The same reference numbers are used throughout the drawings to refer to the same or like parts. In the drawings, certain elements may be exaggerated or omitted or schematically depicted for clarity of the invention, and the actual sizes of the elements are not reflected. Embodiments of the present invention are described in detail with reference to the accompanying drawings.

FIG. 2 is a schematic diagram illustrating the network structure of the video conference system based on scalable video processing (SVC) according to an embodiment of the present invention.

H.264/Scalable video processing (SVC) has recently emerged as the video compression standard capable of decoding one compressed bit stream into various resolution/frame-rate/video quality data. As shown in FIG. 2, a video conference system adopting the SVC-based video compression standard includes a server 200 and a plurality terminals 210, 220, 230, 240, and 250 connected to the server 200.

In FIG. 2, the server 200 extracts (crops/extracts) the compressed bit stream and transmits the extracted bit stream according to the status of the recipient terminal. The status includes bandwidth of the network and capability of the recipient terminal. Unlike the conventional MCU 100 of FIG. 1 which operates in decode-compose-encode order, the SVC-based server 200 just extracts (crops/extracts) the compressed bit stream and transmits the extracted data according to the status of the recipient terminals.

Therefore, there is no extra delay caused by decode-compose-encode processing, and the recipient terminal 250 performs selective decoding and composing on the received video data.

FIG. 3 is a diagram illustrating the concept of spatial-temporal scalability of SVC-based video bit stream according to an embodiment of the present invention.

When using the SVC-based scalable video compression standard, the SVC bit stream D (D=d1+d2+d3) may have a resolution up to 704×576 at 30 frames per second (fps). If d1 and d2 are decoded selectively, 352×288@20 fps video is extracted. Also, if only the Base Layer d1 is decoded, 176×144@15 fps video is extracted. In this way, the SVC bit stream can be decoded by selectively extracting the layers from the bit stream.

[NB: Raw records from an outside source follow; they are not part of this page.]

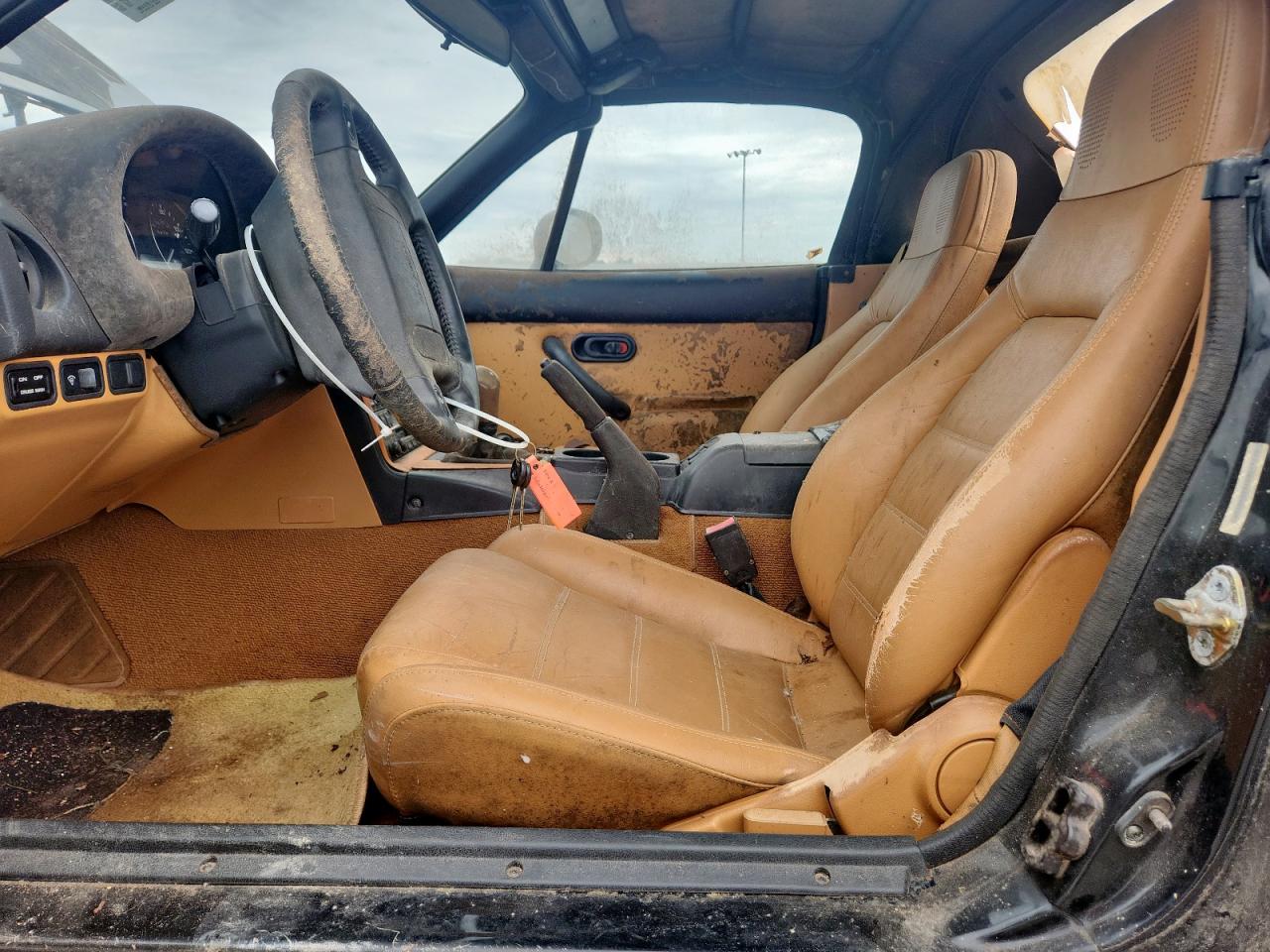 1994 Mazda Mx-5 Miata VIN: JM1NA3531R0519238 Lot: 63672675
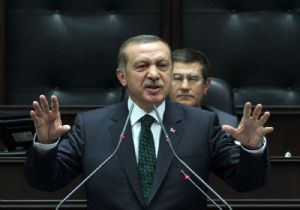 ERDOĞAN DAN AB YE SON ÇAĞRI :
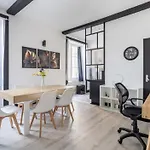 Apartment Les Joyaux Du Temps #hypercentre#confort Clermont-Ferrand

FIG. 4 is a block diagram illustrating the configuration of the selective decoding apparatus according to an embodiment of the present invention. As shown in FIG. 4, the selective decoding apparatus 250 according to an embodiment of the present invention includes a communication unit 410, an audio processing unit 411, a video processing unit 430, an input unit 440, a touchscreen 450, a storage unit 460, and a control unit 470.

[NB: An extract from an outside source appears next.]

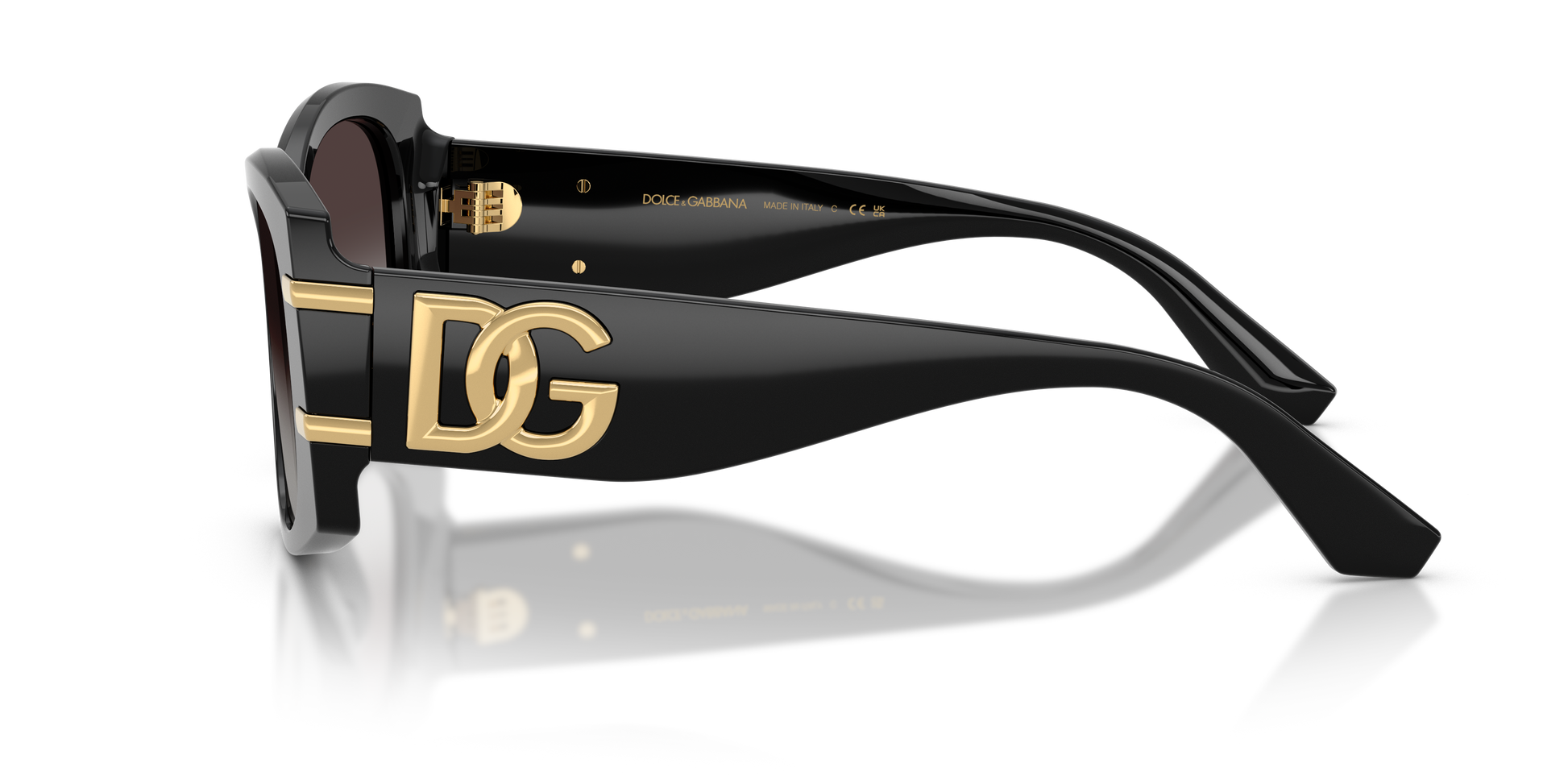 Dolce & Gabbana DG4501 501/8G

The communication unit 410 is responsible for data communication of the decoding apparatus 250 through a wired or wireless channel. The communication unit 410 also receives the data through the wired or wireless channel and transfers the received data to the control unit 470 and transmits the data output by the control unit 470 through the wireless channel. In an embodiment of the present invention, the communication unit 410 receives the video bit stream and audio bit stream from the server 200 of FIG. 2.

The audio processing unit 411 and the video processing unit 430 include codecs such as a data codec for processing packet data and audio and video codecs for processing audio and video signals. In an embodiment of the present invention, the audio and video processing units 411 and 430 decode the audio and video bit streams output by the control unit 470.

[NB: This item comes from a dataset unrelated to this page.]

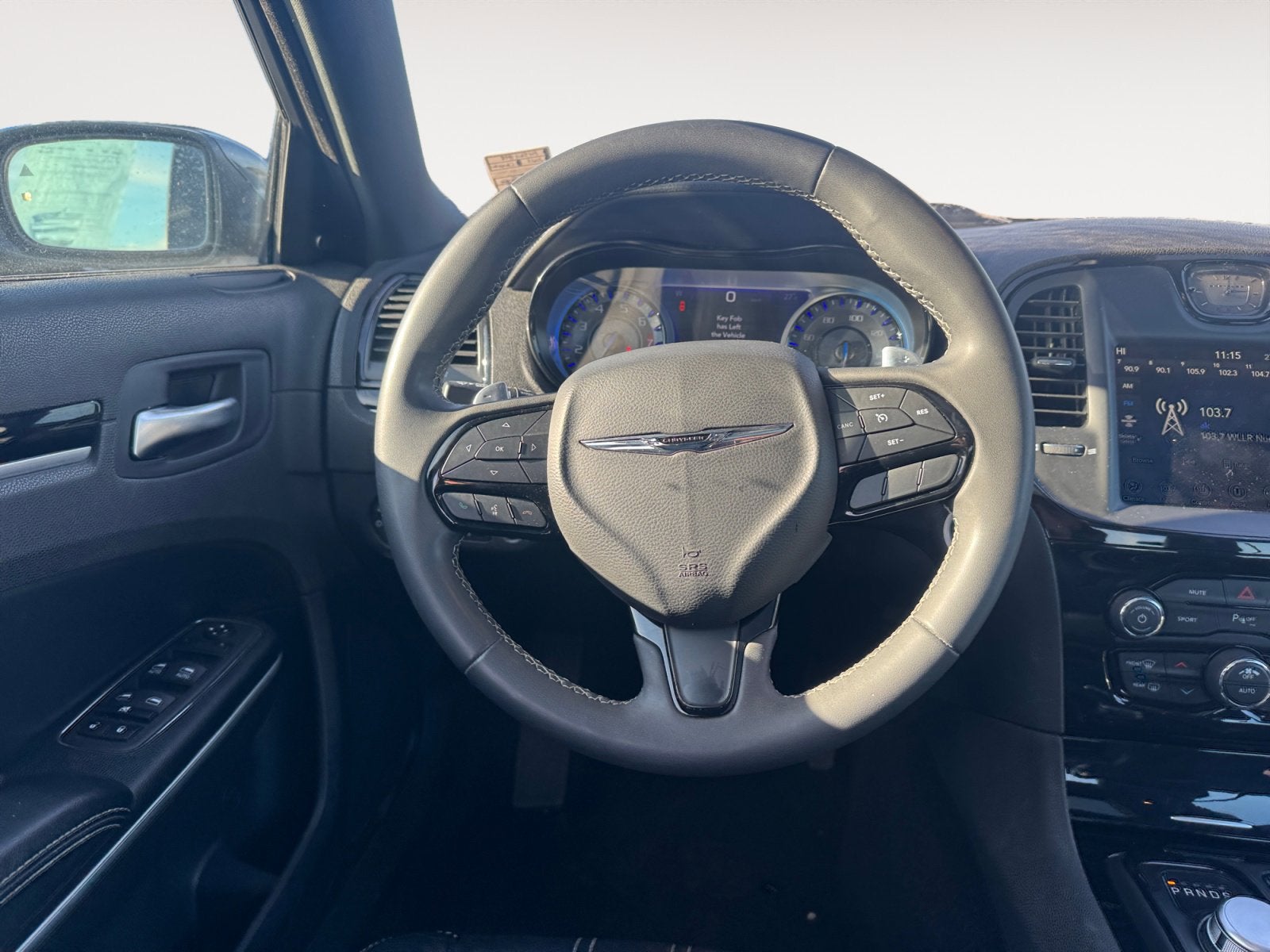 2023 Chrysler 300 300S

The touchscreen 450 includes a touch panel 454 and a display panel 456. The touch panel 454 detects the touch input made by the user and generates an input signal to the control unit 470. The input signal includes coordinates of the touch point position where the touch input is detected. If the user drags the touch point, the touch panel 454 generates the touch signal including the coordinates on the dragging path to the control unit 470.

In an embodiment of the present invention, the touch panel 454 detects the user input for configuring the display screen or for transitioning to a power-saving mode. Such a user input can be made by a touch (multi-touch) or a drag gesture.

The display panel 456 can be implemented with one of Liquid Crystal Display (LCD), Organic Light Emitting Diodes (OLED), and Active Matrix Organic Light Emitting Diodes (AMOLED), and displays menus of the decoding apparatus 250, input data, function-setting information, and other information to the user. In an embodiment of the present invention, the display panel 456 displays the video bit stream screen according to the preset layout.

Although the description is directed to the decoding apparatus equipped with a touchscreen, the present invention is not limited to the touchscreen-enabled decoding apparatus. When the present invention is applied to a decoding apparatus having no touchscreen, the touchscreen 450 can be configured only with the function of the display panel 456.

The input unit 440 receives the key manipulations made by a user for controlling the decoding apparatus 250 and generates an input signal to the control unit 470. The decoding apparatus 250 according to an embodiment of the present invention is configured so as to be wholly manipulated by means of the touch panel 454. In this case, the touch panel 454 operates as a part of the input unit 440.

The storage unit 460 stores the programs and data associated with the operations of the decoding apparatus 250 and can be divided into a program region and a data region. The program region stores the Operating System (OS) for controlling the overall operations of the decoding apparatus 250 and booting up the decoding apparatus 250 and application programs for playing multimedia content and executing other supplementary functions such as a camera function, sound playback function, and still and motion picture playback functions. The data region stores the data generated in using the decoding apparatus such as still and motion pictures, a phonebook, and audio data.

The control unit 470 controls the overall operations of the components of the decoding apparatus. In an embodiment of the present invention, the control unit 410 controls the procedure for the decoding apparatus 250 to receive the scalable video bit stream and selectively decode the bit stream.

The control unit 470 determines the decoding level when the video bit stream is received through the communication unit 410. The control unit 470 determines the decoding level based on at least one of a preset layout, power-saving mode activation/deactivation, and voice activity; and the detailed determination procedure is described below with reference to accompanying drawings.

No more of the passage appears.